To satisfy my tarte tatin craving I started thinking about making one when I got home. While driving home I dreamed about a savoury version with shallots, a sprinkling of fresh thyme and salty feta to brighten everything up. Just thinking of it made my frown turn upside down, just like the tarte tatin. So that’s how I came to make and now share below recipe.
It’s a very simple recipe, but guests will think you spent hours on this gorgeous tarte tatin. I won’t tell if you don’t! You can make it even easier by using shop bought puff pastry if you want. I served it with a rack of lamb with a coriander and honey marinade.
I hope you enjoy it as much as we did. If you try it, please let me know! Leave a comment, telling me what you think of it. You can also tag your photo on Instagram with @culyzaar or post it on my Facebook page so I can see it. I love seeing your takes on the recipes on my blog!
I submitted this recipe to the May Foodblog Event of the Facebookgroup ‘Foodbloggers Benelux’. Check all the recipes for the event on the Pinterest Board of the group.
- 300 g all-purpose flour
- 160 g unsalted butter, cut into 1cm dice
- ½ tsp salt
- 70 g ice-cold water
- 400 g shallots
- 1 tbsp olive oil
- 10 g butter
- 2 tbsp balsamic vinegar
- 1 tbsp sugar
- 16 thyme sprigs
- 100 g feta cheese
Make the pastry by sifting together the flour and salt into a large bowl.

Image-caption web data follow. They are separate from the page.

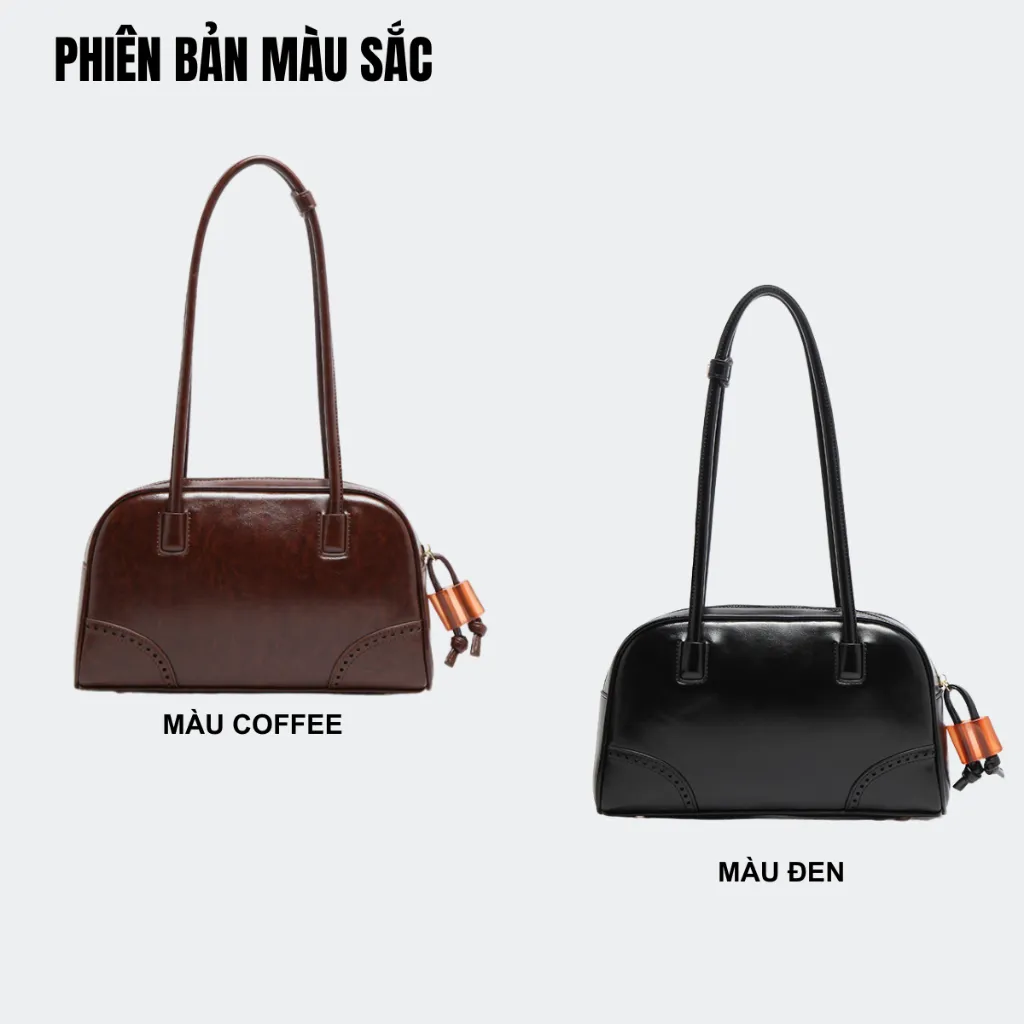 Ảnh Túi Xách Nữ Đeo Vai Chính Hãng MICOCAH Dáng Công Sở Thời Trang Sang Trọng Da Cao Cấp MC215 (KÈM HỘP) 3
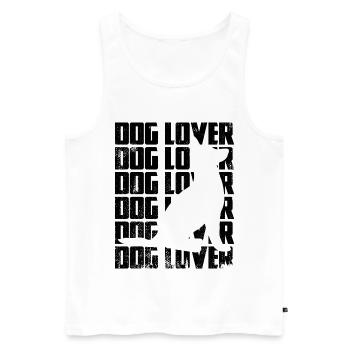 Snowboarders - Débardeur bio Premium Homme - blanc - Devant - AI Model Male 178 light (178cm)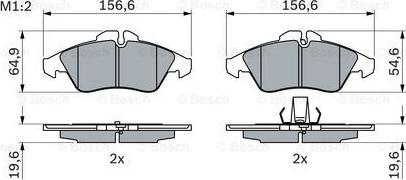 BOSCH 0 986 424 218 - Тормозные колодки, дисковые, комплект autodnr.net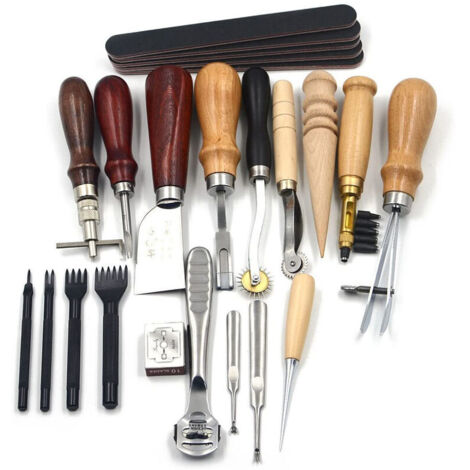 18-teiliges Lederwerkzeugset, DIY-Handnähset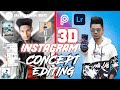 Picsart 3d instagram world concept photo editing tutorial  jack rakesh editz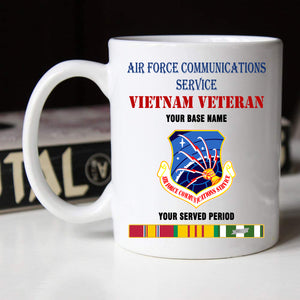 AIR FORCE COMMUNICATIONS SERVICE BLACK WHITE 11oz 15oz COFFEE MUG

Take the butter from the fridge and cut it into small cubes. Add to the flour mix. Using your fingertips and thumbs, rub the butter into the flour until the mix resembles breadcrumbs. Add the ice-cold water and stir into the pastry mix with a fork until it starts to resemble a soft dough. Tip on to a clean surface and bring the pastry together with your hands until you have a smooth ball. Wrap this in cling film and chill it in a fridge for at least 1 hour (I usually do this the night before).

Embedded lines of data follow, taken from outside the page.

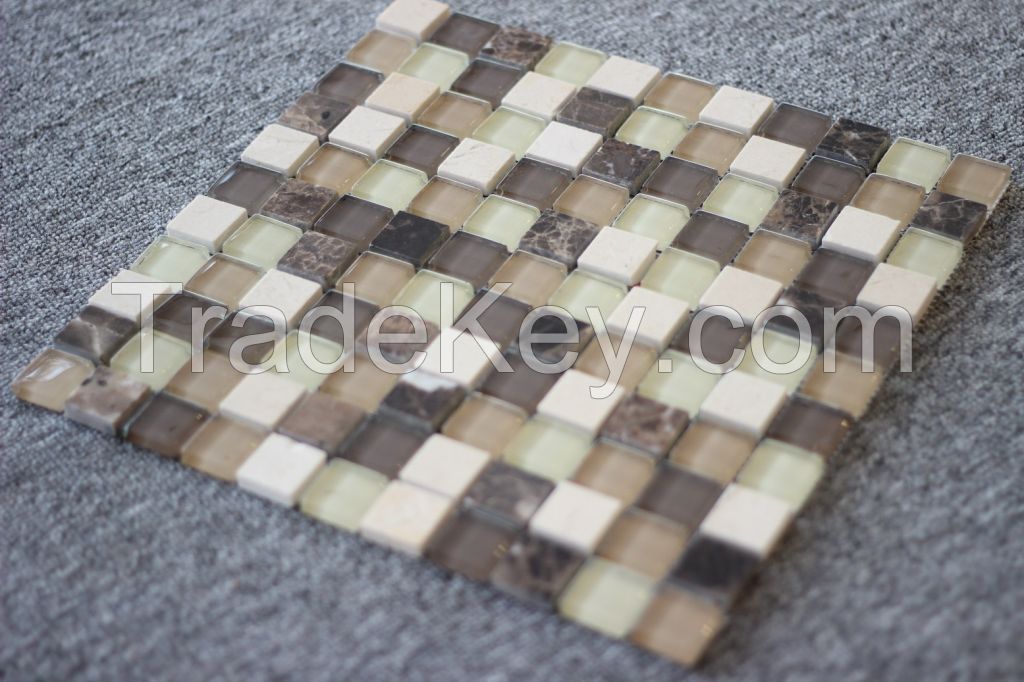 Glass Mix Marble Mosaic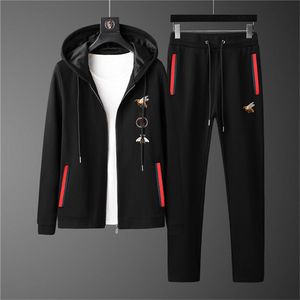 Tuta da uomo di lusso Set da 2 pezzi Felpe con cappuccio casual Felpa Pantaloni della tuta Tuta sportiva da uomo Stampa da jogging S-3XL Abbigliamento sportivo stampato Marca Q45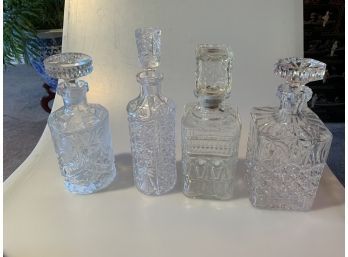 Lot Of 4 Decanters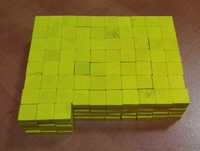 Drewniane bloczki 15x15x7 mm (żółte)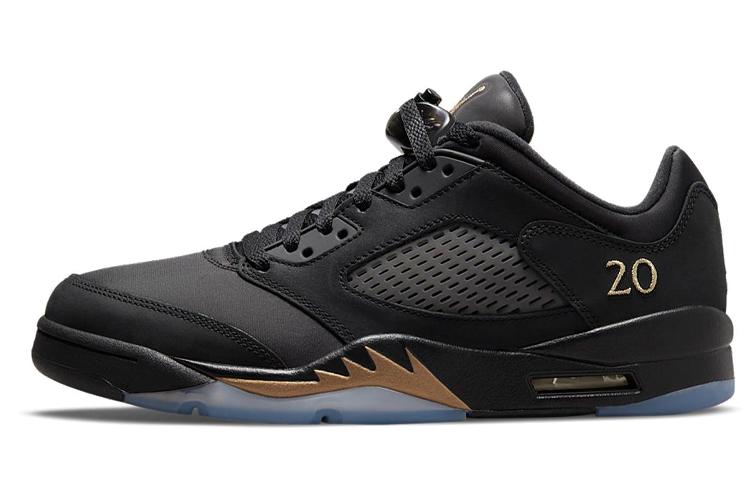 Спортивные кеды унисекс Air Jordan 5 Retro Low Wings черные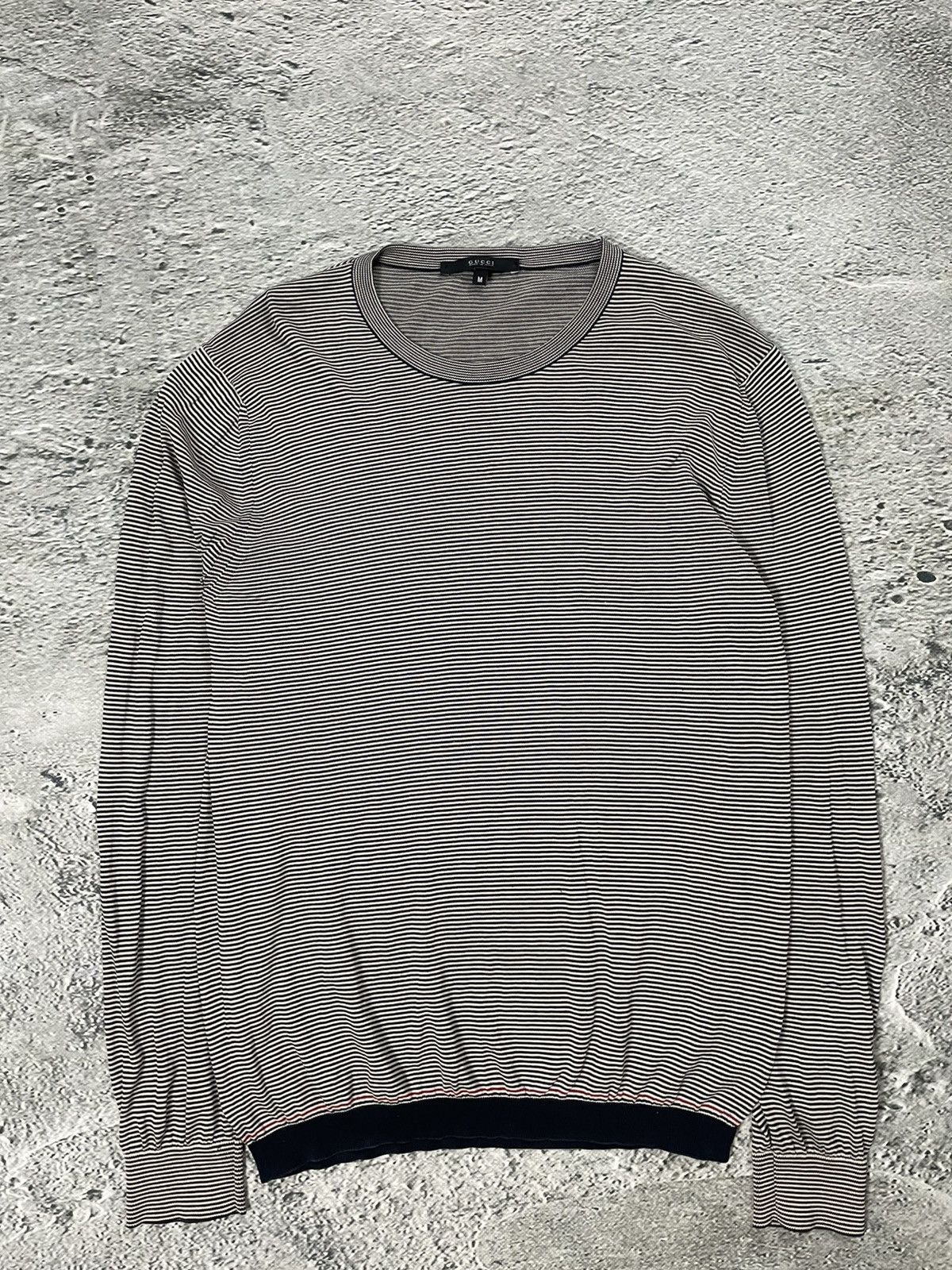 Gucci Gucci Sweater Vintage stripped white black knit Size US M / EU 48-50 / 2 - 1 Thumbnail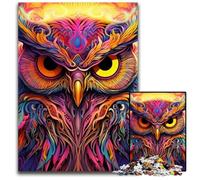 1000 Piece Jigsaw Puzzle Pink Owl Jigsaw Puzzles Challenging Brain Teaser for Teenagers, Family Fun Interactive Game 50x75CM/19.68x29.52inch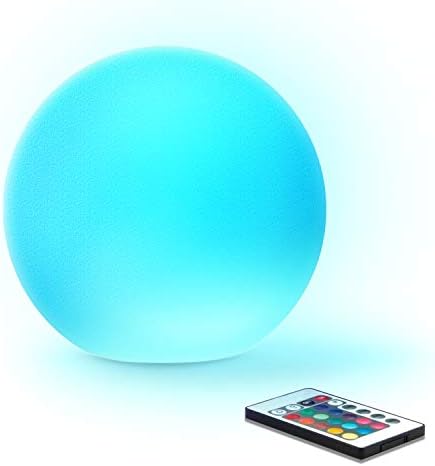 COOLOUS Smart Mood Light LED Ball Light Dimmable Ambient RGB Color Changing Pool Light Cordless Kids Night Light Globe Mood Lamp with APP&Remote Control 10CM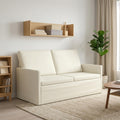 vidaXL Sofa dwuosobowa kremowy 150 x 81 x 82 cm Tkanina sztruksowa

Heat oven to 200C/180C fan.
Peel the shallots and slice them in half lengthwise. Heat the butter in a frying pan large enough to fit the shallots in an even layer. Add the shallots and cook over a medium/low heat until they start to brown and are cooked through (about 10 mintues). Add the balsamic and sugar and keep cooking, adding some water if you need to until the balsamic and sugar has become sticky and caramelised around them (about 1 or 2 minutes). Take off the heat, mix in leaves from 8 thyme sprigs and season.
Cover the base of a 24cm ovenproof shallow pan, cake or tart tin without a loose base with baking paper (cut out a round shape). Tip in the shallots with all their sticky juices and turn them cutside down. Tear 4 thyme sprigs into pieces and scatter over the shallots. Crumble the feta over the shallots, leaving a little bit to decorate when it comes out of the oven.
Dust a clean surface with flour and place the pastry from the fridge on to it. Roll out the chilled pastry until it’s big enough to cover a pan of 24cm. Be sure to add extra flour to the surface if it sticks. This pastry is incredibly forgiving and any cracks or tears can be easily repaired by using a piece of dough you tear of a spot where you don’t need it to fix the gap. Lift the pastry circle onto the shallots, then tuck the edges down the inside of the pan. Bake for 25-30 mins until pastry is golden.
Leave tart for 5 mins to settle, then turn out of the tin. Sprinkle with the leftover feta and the 4 remaining sprigs of thyme and slice into wedges. Enjoy immediately.